Dataset records:

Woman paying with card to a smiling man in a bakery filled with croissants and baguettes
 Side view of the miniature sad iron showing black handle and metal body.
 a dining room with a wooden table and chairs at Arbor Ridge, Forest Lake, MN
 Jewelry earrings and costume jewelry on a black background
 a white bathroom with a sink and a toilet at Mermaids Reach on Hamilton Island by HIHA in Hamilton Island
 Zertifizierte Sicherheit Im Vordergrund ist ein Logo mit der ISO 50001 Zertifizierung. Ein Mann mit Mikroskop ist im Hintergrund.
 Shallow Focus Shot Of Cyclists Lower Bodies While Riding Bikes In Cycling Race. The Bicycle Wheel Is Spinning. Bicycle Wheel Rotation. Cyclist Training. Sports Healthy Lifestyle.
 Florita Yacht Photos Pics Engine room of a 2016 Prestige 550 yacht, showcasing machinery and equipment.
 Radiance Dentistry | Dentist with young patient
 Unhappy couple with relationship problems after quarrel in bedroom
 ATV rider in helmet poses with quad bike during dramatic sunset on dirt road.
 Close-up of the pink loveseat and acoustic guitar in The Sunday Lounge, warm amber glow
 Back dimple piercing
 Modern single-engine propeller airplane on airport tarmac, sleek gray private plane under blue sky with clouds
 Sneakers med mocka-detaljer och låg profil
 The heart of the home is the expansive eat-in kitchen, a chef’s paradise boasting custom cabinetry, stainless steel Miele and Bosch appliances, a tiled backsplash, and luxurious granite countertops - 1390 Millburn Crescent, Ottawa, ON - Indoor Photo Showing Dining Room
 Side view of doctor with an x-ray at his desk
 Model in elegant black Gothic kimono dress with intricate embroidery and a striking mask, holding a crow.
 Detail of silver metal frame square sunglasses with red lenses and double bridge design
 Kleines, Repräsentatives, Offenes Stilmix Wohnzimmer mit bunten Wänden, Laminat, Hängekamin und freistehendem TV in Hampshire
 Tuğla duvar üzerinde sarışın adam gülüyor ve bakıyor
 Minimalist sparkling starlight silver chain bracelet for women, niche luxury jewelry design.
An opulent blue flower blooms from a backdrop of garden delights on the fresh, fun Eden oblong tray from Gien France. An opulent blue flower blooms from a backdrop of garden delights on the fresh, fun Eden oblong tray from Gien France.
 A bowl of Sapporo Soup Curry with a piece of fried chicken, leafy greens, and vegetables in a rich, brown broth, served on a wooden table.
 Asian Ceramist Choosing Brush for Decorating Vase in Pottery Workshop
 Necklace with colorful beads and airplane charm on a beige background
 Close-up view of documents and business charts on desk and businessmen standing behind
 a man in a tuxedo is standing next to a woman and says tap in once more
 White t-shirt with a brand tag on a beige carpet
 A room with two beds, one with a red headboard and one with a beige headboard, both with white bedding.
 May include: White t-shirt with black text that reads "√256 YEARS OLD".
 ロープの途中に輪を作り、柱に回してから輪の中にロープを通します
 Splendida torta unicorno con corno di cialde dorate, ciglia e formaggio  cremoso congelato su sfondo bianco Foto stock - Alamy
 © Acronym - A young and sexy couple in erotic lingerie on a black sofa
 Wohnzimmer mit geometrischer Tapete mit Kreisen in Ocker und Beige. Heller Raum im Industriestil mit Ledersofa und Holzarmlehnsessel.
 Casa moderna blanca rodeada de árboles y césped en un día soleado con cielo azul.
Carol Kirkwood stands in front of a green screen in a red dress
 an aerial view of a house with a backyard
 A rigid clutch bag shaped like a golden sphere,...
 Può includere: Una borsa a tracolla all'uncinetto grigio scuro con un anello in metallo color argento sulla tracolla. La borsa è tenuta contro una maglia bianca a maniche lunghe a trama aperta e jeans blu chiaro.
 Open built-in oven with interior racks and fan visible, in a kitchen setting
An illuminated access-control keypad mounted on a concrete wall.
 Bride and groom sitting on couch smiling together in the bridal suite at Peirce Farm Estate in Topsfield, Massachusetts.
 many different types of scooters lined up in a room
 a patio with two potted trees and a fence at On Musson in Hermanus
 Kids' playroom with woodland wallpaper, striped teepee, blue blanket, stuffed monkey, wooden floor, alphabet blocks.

_What to do_
Please transcribe each of the entries, exactly as written.

_Solution to the problem_
Woman paying with card to a smiling man in a bakery filled with croissants and baguettes
 Side view of the miniature sad iron showing black handle and metal body.
 a dining room with a wooden table and chairs at Arbor Ridge, Forest Lake, MN
 Jewelry earrings and costume jewelry on a black background
 a white bathroom with a sink and a toilet at Mermaids Reach on Hamilton Island by HIHA in Hamilton Island
 Zertifizierte Sicherheit Im Vordergrund ist ein Logo mit der ISO 50001 Zertifizierung. Ein Mann mit Mikroskop ist im Hintergrund.
 Shallow Focus Shot Of Cyclists Lower Bodies While Riding Bikes In Cycling Race. The Bicycle Wheel Is Spinning. Bicycle Wheel Rotation. Cyclist Training. Sports Healthy Lifestyle.
 Florita Yacht Photos Pics Engine room of a 2016 Prestige 550 yacht, showcasing machinery and equipment.
 Radiance Dentistry | Dentist with young patient
 Unhappy couple with relationship problems after quarrel in bedroom
 ATV rider in helmet poses with quad bike during dramatic sunset on dirt road.
 Close-up of the pink loveseat and acoustic guitar in The Sunday Lounge, warm amber glow
 Back dimple piercing
 Modern single-engine propeller airplane on airport tarmac, sleek gray private plane under blue sky with clouds
 Sneakers med mocka-detaljer och låg profil
 The heart of the home is the expansive eat-in kitchen, a chef’s paradise boasting custom cabinetry, stainless steel Miele and Bosch appliances, a tiled backsplash, and luxurious granite countertops - 1390 Millburn Crescent, Ottawa, ON - Indoor Photo Showing Dining Room
 Side view of doctor with an x-ray at his desk
 Model in elegant black Gothic kimono dress with intricate embroidery and a striking mask, holding a crow.
 Detail of silver metal frame square sunglasses with red lenses and double bridge design
 Kleines, Repräsentatives, Offenes Stilmix Wohnzimmer mit bunten Wänden, Laminat, Hängekamin und freistehendem TV in Hampshire
 Tuğla duvar üzerinde sarışın adam gülüyor ve bakıyor
 Minimalist sparkling starlight silver chain bracelet for women, niche luxury jewelry design.
An opulent blue flower blooms from a backdrop of garden delights on the fresh, fun Eden oblong tray from Gien France. An opulent blue flower blooms from a backdrop of garden delights on the fresh, fun Eden oblong tray from Gien France.
 A bowl of Sapporo Soup Curry with a piece of fried chicken, leafy greens, and vegetables in a rich, brown broth, served on a wooden table.
 Asian Ceramist Choosing Brush for Decorating Vase in Pottery Workshop
 Necklace with colorful beads and airplane charm on a beige background
 Close-up view of documents and business charts on desk and businessmen standing behind
 a man in a tuxedo is standing next to a woman and says tap in once more
 White t-shirt with a brand tag on a beige carpet
 A room with two beds, one with a red headboard and one with a beige headboard, both with white bedding.
 May include: White t-shirt with black text that reads "√256 YEARS OLD".
 ロープの途中に輪を作り、柱に回してから輪の中にロープを通します
 Splendida torta unicorno con corno di cialde dorate, ciglia e formaggio  cremoso congelato su sfondo bianco Foto stock - Alamy
 © Acronym - A young and sexy couple in erotic lingerie on a black sofa
 Wohnzimmer mit geometrischer Tapete mit Kreisen in Ocker und Beige. Heller Raum im Industriestil mit Ledersofa und Holzarmlehnsessel.
 Casa moderna blanca rodeada de árboles y césped en un día soleado con cielo azul.
Carol Kirkwood stands in front of a green screen in a red dress
 an aerial view of a house with a backyard
 A rigid clutch bag shaped like a golden sphere,...
 Può includere: Una borsa a tracolla all'uncinetto grigio scuro con un anello in metallo color argento sulla tracolla. La borsa è tenuta contro una maglia bianca a maniche lunghe a trama aperta e jeans blu chiaro.
 Open built-in oven with interior racks and fan visible, in a kitchen setting
An illuminated access-control keypad mounted on a concrete wall.
 Bride and groom sitting on couch smiling together in the bridal suite at Peirce Farm Estate in Topsfield, Massachusetts.
 many different types of scooters lined up in a room
 a patio with two potted trees and a fence at On Musson in Hermanus
 Kids' playroom with woodland wallpaper, striped teepee, blue blanket, stuffed monkey, wooden floor, alphabet blocks.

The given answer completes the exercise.